Data items:
____________________

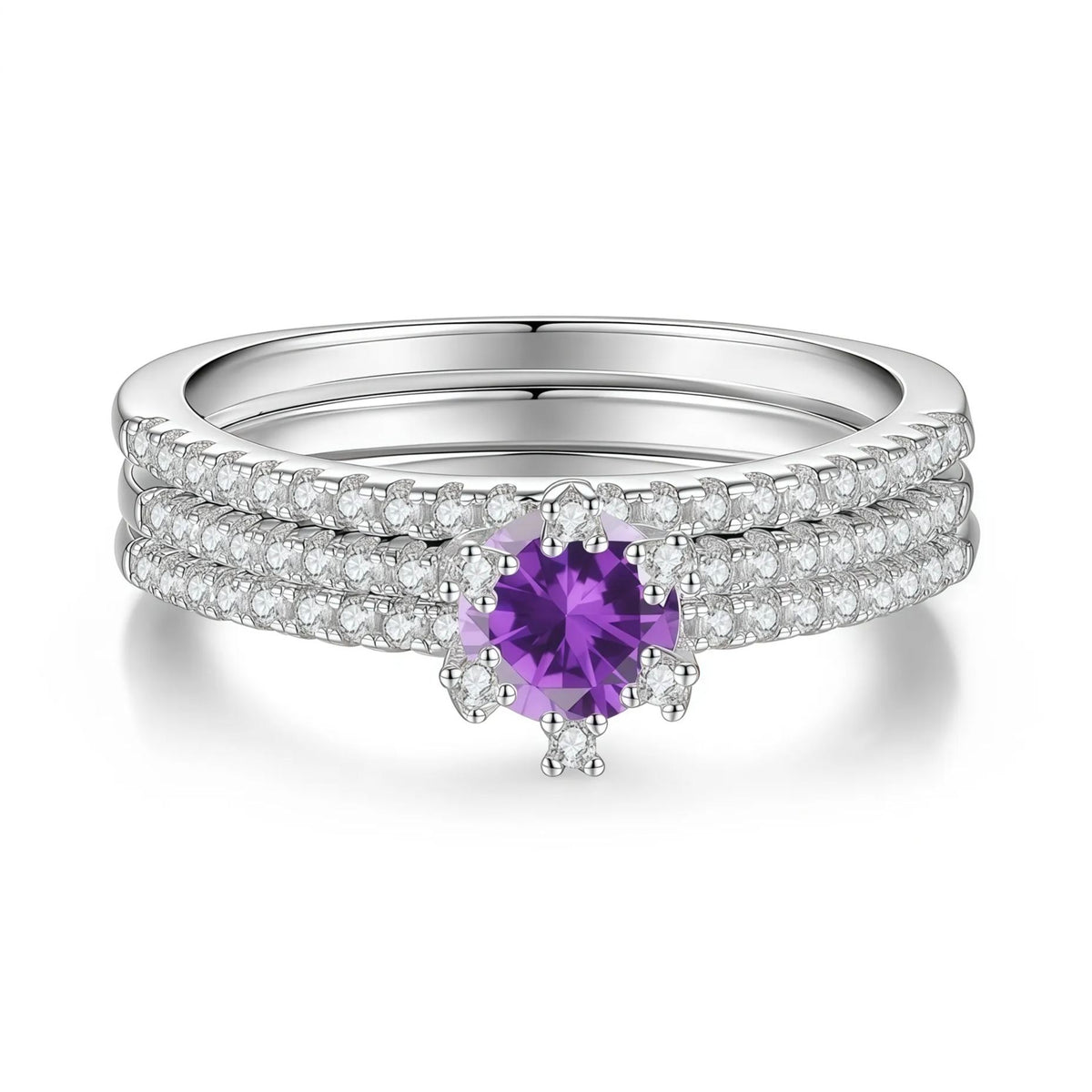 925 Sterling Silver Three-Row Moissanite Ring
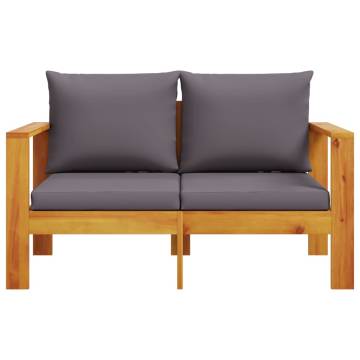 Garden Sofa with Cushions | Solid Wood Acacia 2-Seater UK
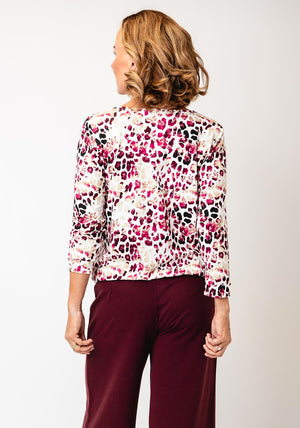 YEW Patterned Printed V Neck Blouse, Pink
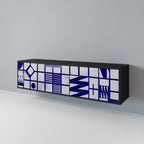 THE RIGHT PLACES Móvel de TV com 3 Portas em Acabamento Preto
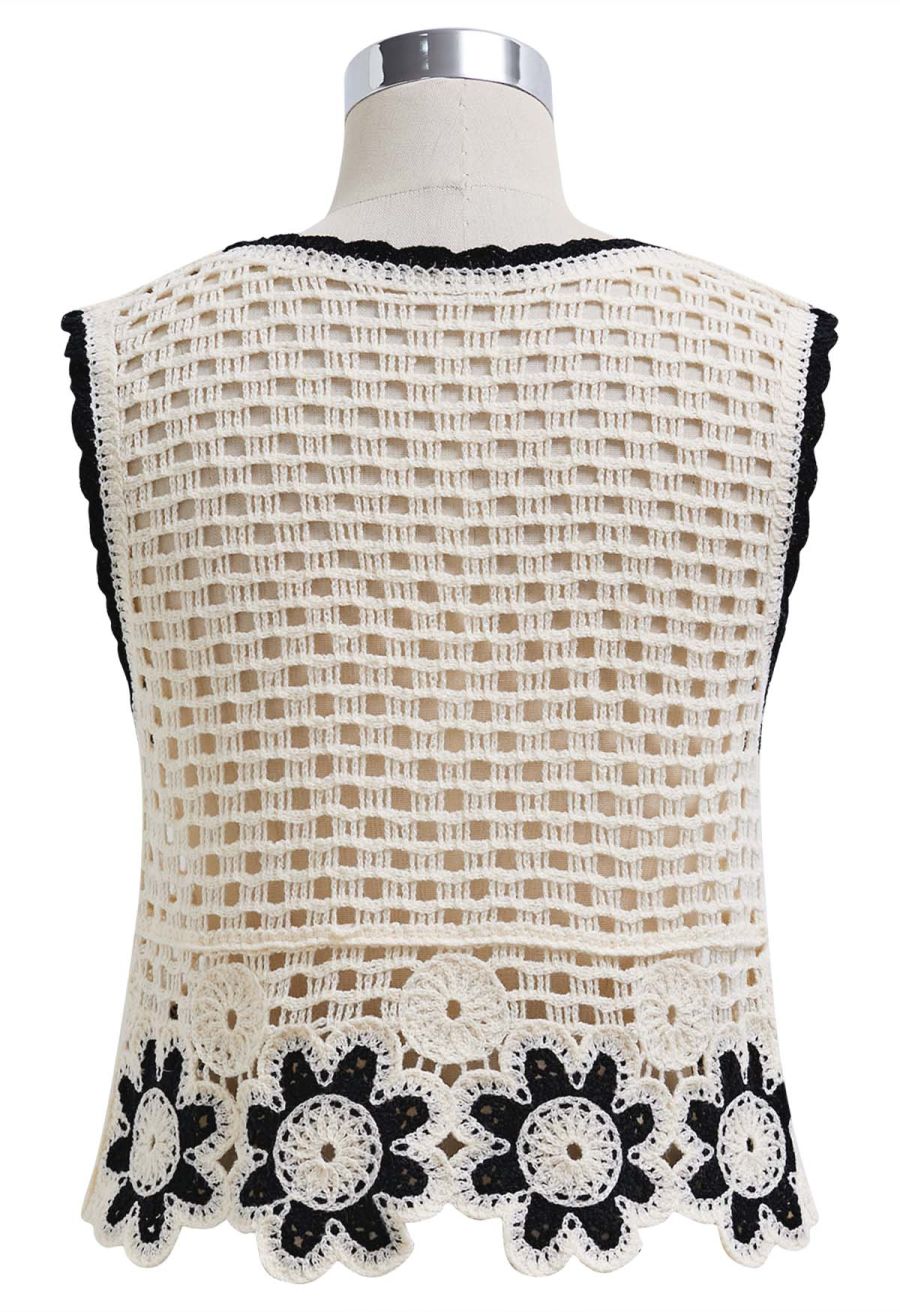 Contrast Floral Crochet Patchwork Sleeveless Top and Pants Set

____________________

- **PROBLEM DESCRIPTION**
Without the pictures, print all of the records exactly.

- **RESULT FOR THIS EXERCISE**
 925 Sterling Silver Three-Row Moissanite Ring
 Garden Sofa with Cushions | Solid Wood Acacia 2-Seater UK
 YEW Patterned Printed V Neck Blouse, Pink
 THE RIGHT PLACES Móvel de TV com 3 Portas em Acabamento Preto
 Contrast Floral Crochet Patchwork Sleeveless Top and Pants Set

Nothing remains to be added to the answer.